More on Lazy Initialization in Swift
@ColinEberhardt wrote a great post titled Swift Initialization and the Pain of Optionals. In the post, Colin mentions not being able to pass parameters to initializers when assigning to a variable marked lazy. The workaround he found was to use a closure. Colin gave two examples:
lazy private var animator = UIDynamicAnimator(referenceView: self.view)
which did not compile and:
lazy private var animator: UIDynamicAnimator = {
return UIDynamicAnimator(referenceView: self.view)
}()
which did compile. @schukin noticed that Colin also added an explicit type to the variable declaration in the second example.
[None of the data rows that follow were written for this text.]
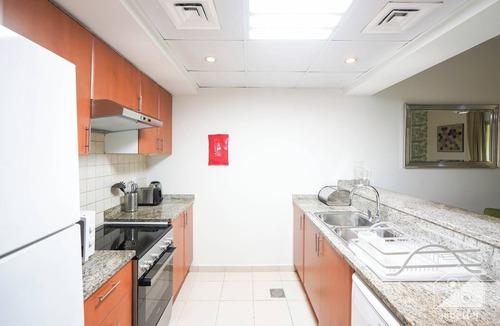 The Greens Apartment | Elegant Ground-Floor 1BR Overlooking Gardens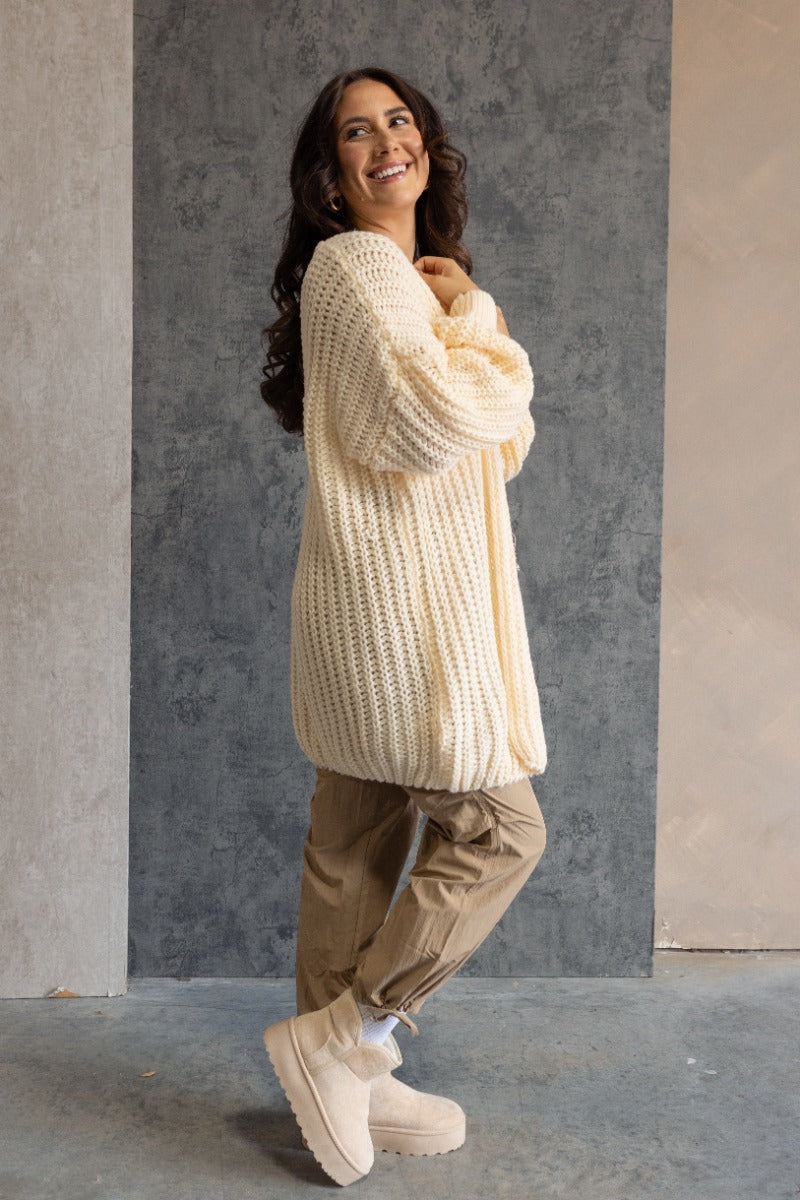 Full body side view of model wearing the Jayla Cream Open Front Cardigan features cream cable knit fabric, an open front, dropped shoulders, a thigh length hem, and long bubble sleeves.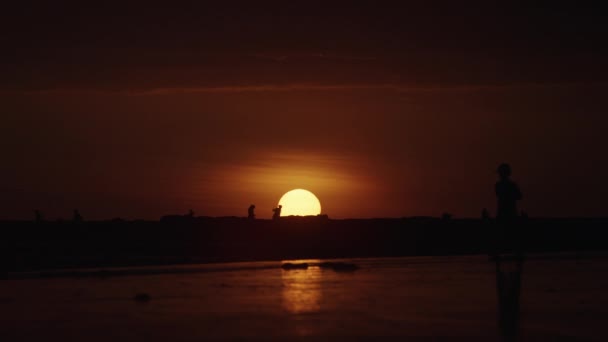 在日落时在海滩上行走的人 — 图库视频影像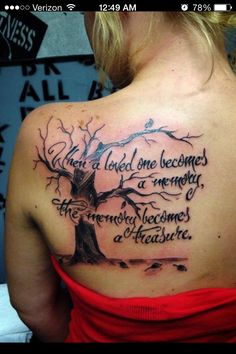 the back of a woman's shoulder with a tree on it and an inscription that reads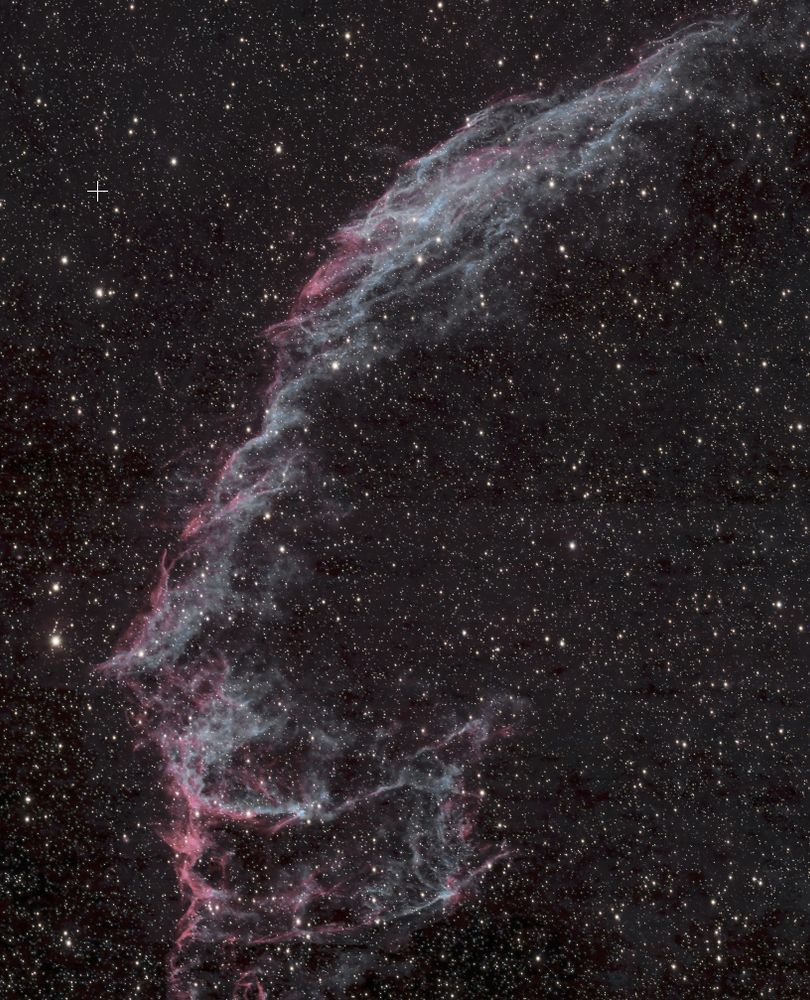 Blue-white wisps of a galactic nebula against the backdrop of countless stars in the summer Milky Way.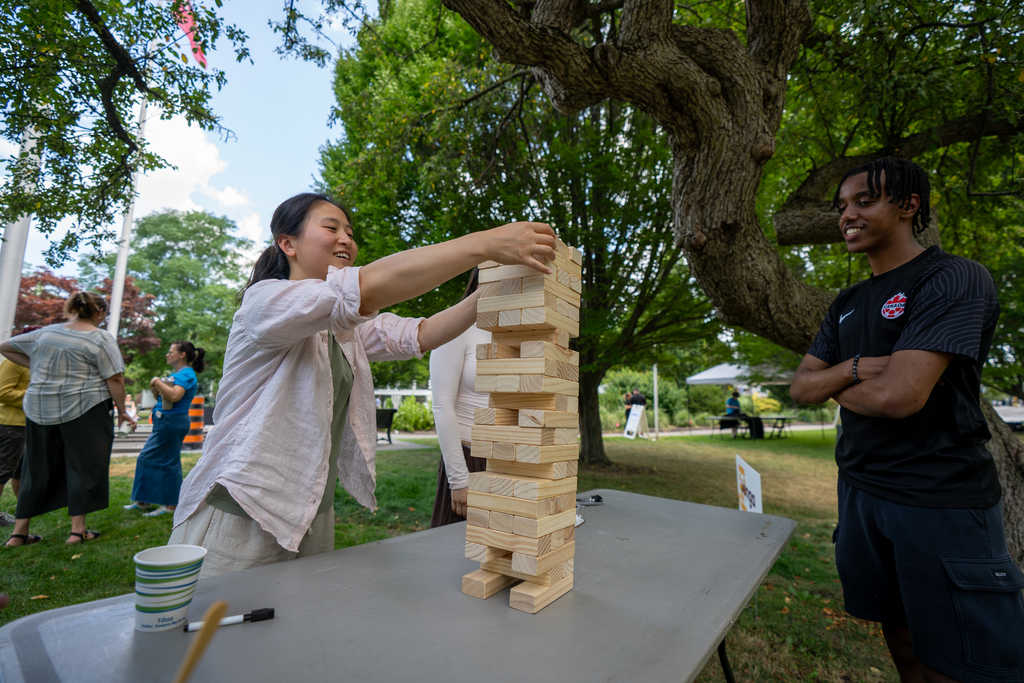 Two people play Jenga on a table outdoors.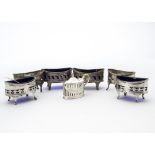 A set of four Victorian silver table salts, two with blue glass liners, together with another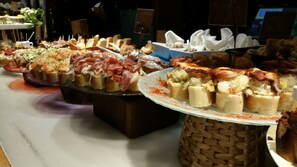 Un bufé con diversas opciones de comida, incluyendo pan, carnes y mariscos.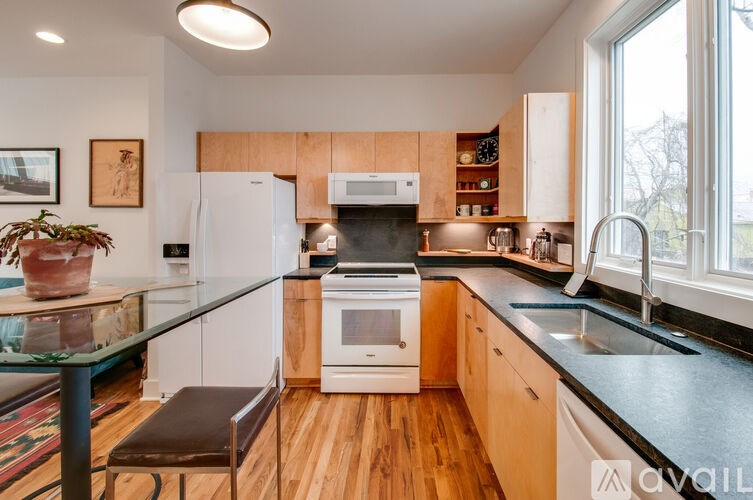 A kitchen with wooden cabinets and a black countertop.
Doing the same with Colin’s first example fixes the compilation error:
lazy private var animator: UIDynamicAnimator = UIDynamicAnimator(referenceView: self.view)
So it turns out that you can reference variables regardless of whether or not you use a closure. The important thing is providing a type if you pass parameters to an initializer being assigned to a variable marked lazy
. It seems compiler can infer the type being assigned when you do not pass parameters but it cannot infer the type when you pass parameters.
This brings up two questions:
- Why is the compiler not able to infer the type returned by an object’s initializer when parameters are passed?
- Does using a closure provide utility other than being able to do more complex lazy initialization?